Each word in the data below should be copied exactly; the images should not.

===== Data shown =====

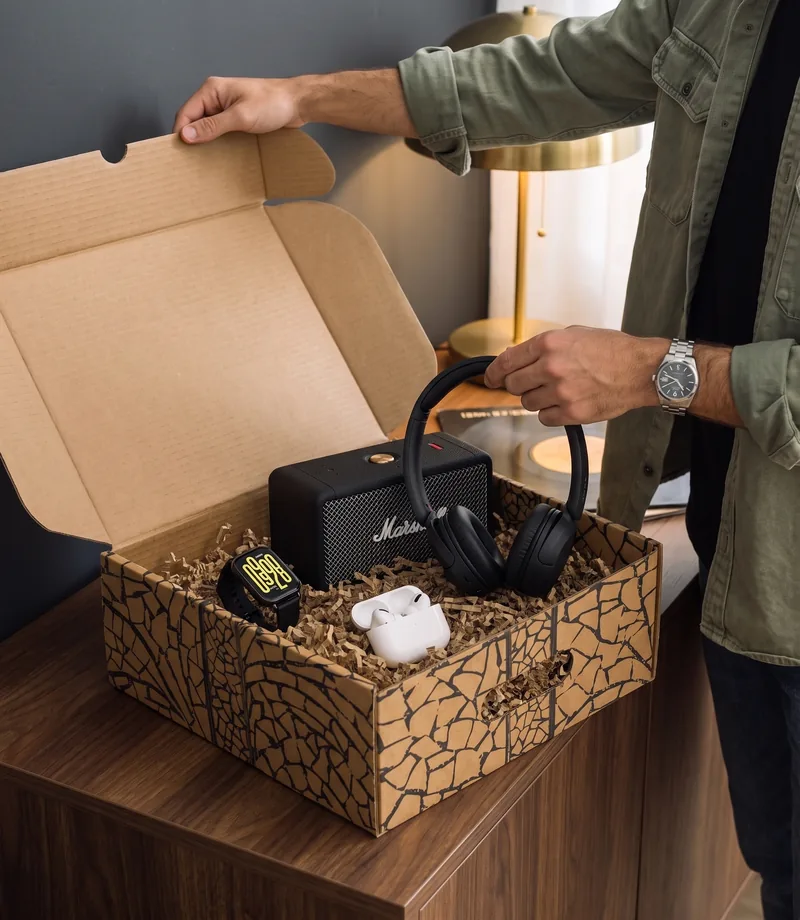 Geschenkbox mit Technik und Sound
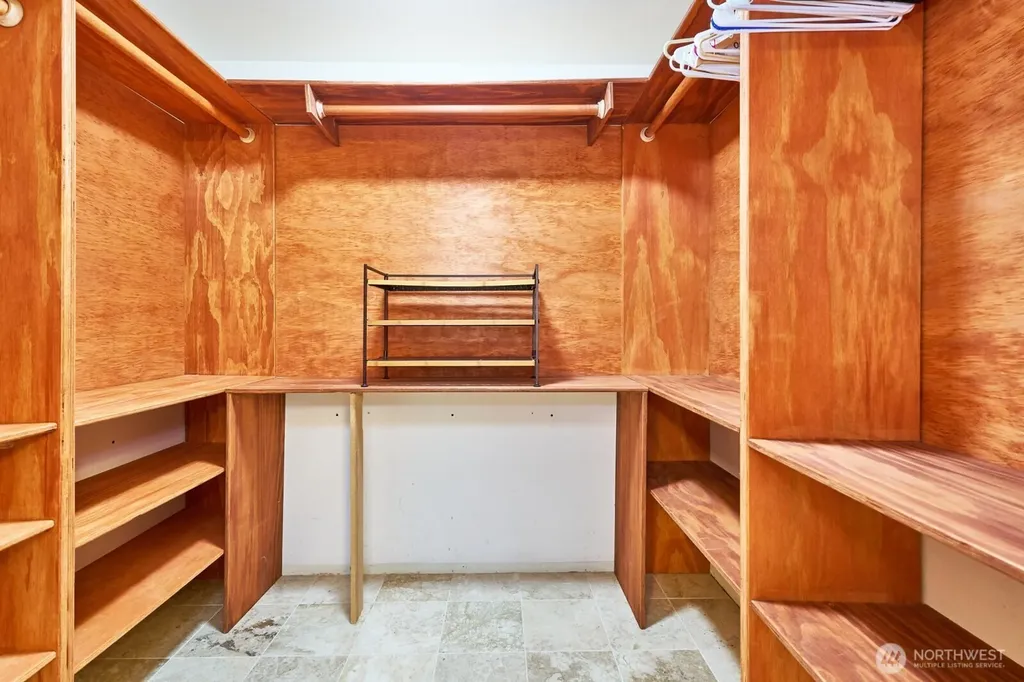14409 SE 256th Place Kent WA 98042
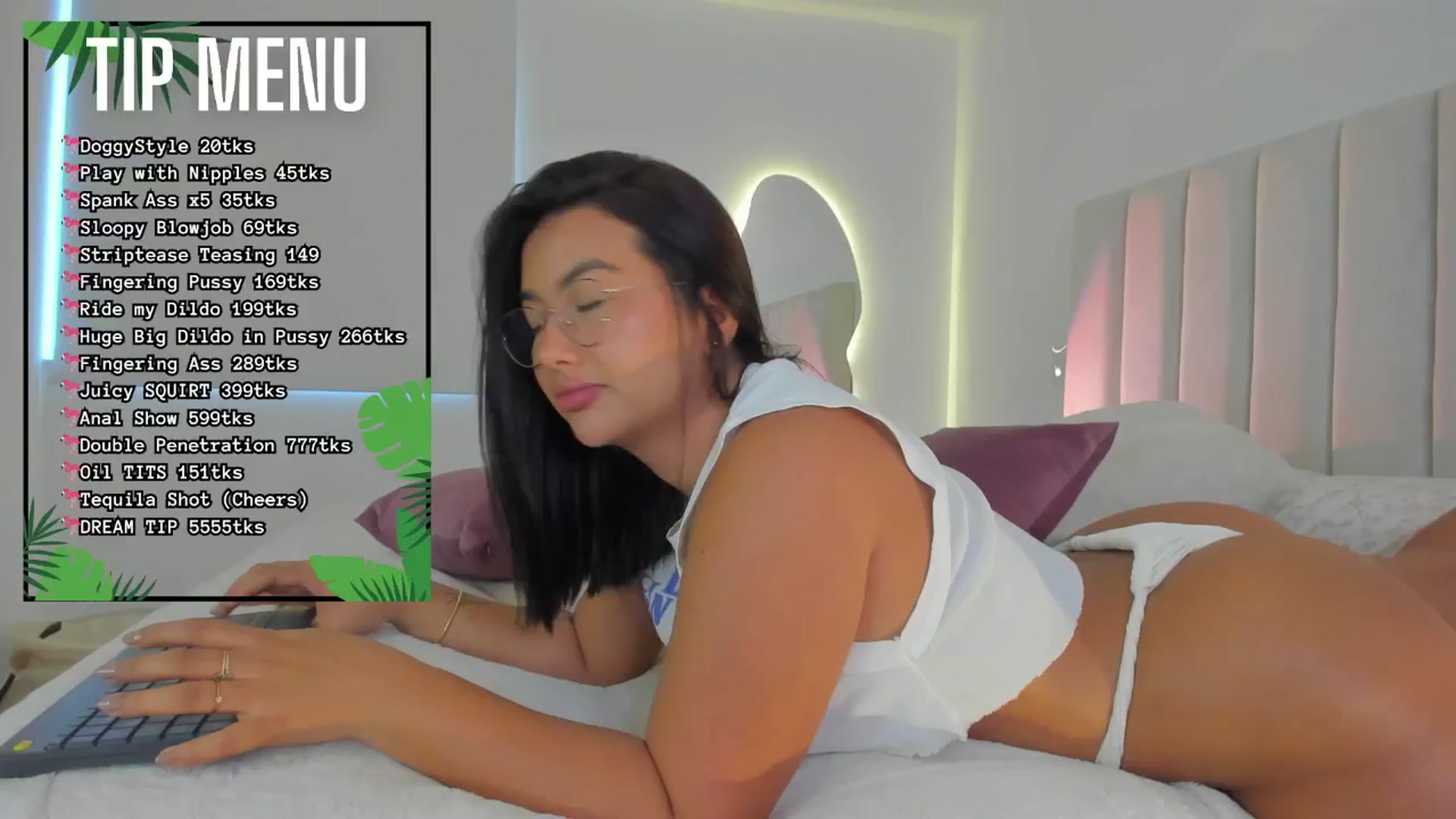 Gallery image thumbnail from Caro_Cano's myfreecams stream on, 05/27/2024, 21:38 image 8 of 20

=====

▶ [Response below]:
 Geschenkbox mit Technik und Sound
14409 SE 256th Place Kent WA 98042
 Gallery image thumbnail from Caro_Cano's myfreecams stream on, 05/27/2024, 21:38 image 8 of 20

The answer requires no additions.